Anti-angiogenesis Avastin and its biosimilar copies have never lived up to their initial hype as the cure-all for all cancers (see this 1998 story on the front page of the New York Times, one of the more egregious examples of journalistic overhype). Clinical trials that add Avastin to chemotherapy for non-small cell lung cancer and metastatic colon cancer, its two primary uses, show an improvement in overall survival over chemotherapy alone of anywhere from 2 to 4 months. The drug lost its FDA approval for breast cancer in 2012 when it failed to improve overall survival.

(For a comprehensive investigative report on the limited efficacy of recently approved anti-cancer drugs, see this excellent article that appeared last weekend on Bloomberg, “Cancer Drugs Cost More Than Ever. They Often Don’t Extend Lives.”)

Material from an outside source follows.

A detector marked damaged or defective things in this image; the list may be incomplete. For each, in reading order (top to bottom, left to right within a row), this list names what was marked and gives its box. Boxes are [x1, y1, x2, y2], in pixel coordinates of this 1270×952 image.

There’s another reason why it’s unlikely this new drug, if and when it is approved, will be far from a miracle cure. There is already something just like it on the market. In 2020, the FDA approved Roche’s application to treat advanced liver cancer patients with a combination of Tecentriq and Avastin, thereby targeting both pathways at the same time with two different drugs. Compared to the standard of care, which was a single chemotherapy drug, it improved life expectancy by 42% or about 5 1/2 months, according to the Roche press release.

All these modest gains come with significant side effects, which can be debilitating to the quality of life for patients living through the final stages of a fatal disease. Nearly two-thirds of patients in the BNT327 safety trials experienced serious side effects, including hair falling out (alopecia) and sharp decreases in white and red blood cell counts (leukocytopenia and anemia).

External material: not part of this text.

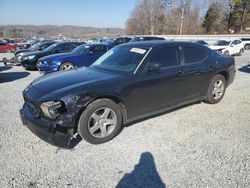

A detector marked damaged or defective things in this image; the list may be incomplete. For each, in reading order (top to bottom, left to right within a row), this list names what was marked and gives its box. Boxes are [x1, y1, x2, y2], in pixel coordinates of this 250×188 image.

damaged front bumper [19, 104, 73, 148]
cracked headlight [40, 101, 64, 119]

Will this drug ever become an important add-on to the wide range of cancer chemotherapy regimens? Or will it, in essence, become a two-in-one “me too” drug, one that will compete with drugs already on the market, all of which have fairly limited efficacy?

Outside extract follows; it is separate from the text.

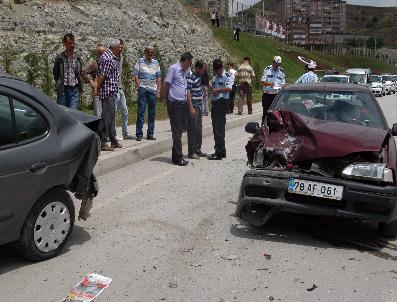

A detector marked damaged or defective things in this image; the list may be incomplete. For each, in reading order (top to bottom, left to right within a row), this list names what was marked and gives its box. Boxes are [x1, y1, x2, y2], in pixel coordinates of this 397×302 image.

crushed car hood [246, 109, 388, 164]
damaged front bumper [235, 169, 396, 225]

What we do know is that these intravenously administered drugs will provide its benefits at a tremendous cost to patients, both physical and financial. Ditto for taxpayers, who pick up most of the tab for the elderly and poor who together make up a disproportionate share of cancer patients. An estimated 54% of patients who are diagnosed with cancer each year are on Medicare, while about 10% of people on Medicaid either have or had cancer. The cost of these bioengineered therapies ranges into the many hundreds of thousands of dollars.

Silence of the lions

Pharmaceutical companies and their trade groups have long been among the most powerful and influential lobbying forces in Washington. Until the Biden administration passed drug price negotiating authority, they managed to fend off every attack on their pricing power, patent gaming and similar tactics that enable the industry to remain one of the most profitable in America.

Yet my search of the latest press releases on the websites of both PhRMA (the Pharmaceutical Research and Manufacturers Association) and BIO (the Biotechnology Innovation Organization) turns up zero statements taking the Trump regime to task for gutting government-funded biomedical research.

Research!America, the long-time lobbying group created to expand NIH budgets (its greatest success was the doubling of agency budgets in the 1990s), had this to say about the pending budget cuts: “If the proposal is enacted, Americans today and tomorrow will be sicker, poorer, and die younger. American research has a proven track record of increasing survival, reducing the burden of illness, and creating jobs. Cutting research funding helps no one; instead, it hurts everyone.”

Everyone, that is, except the Chinese.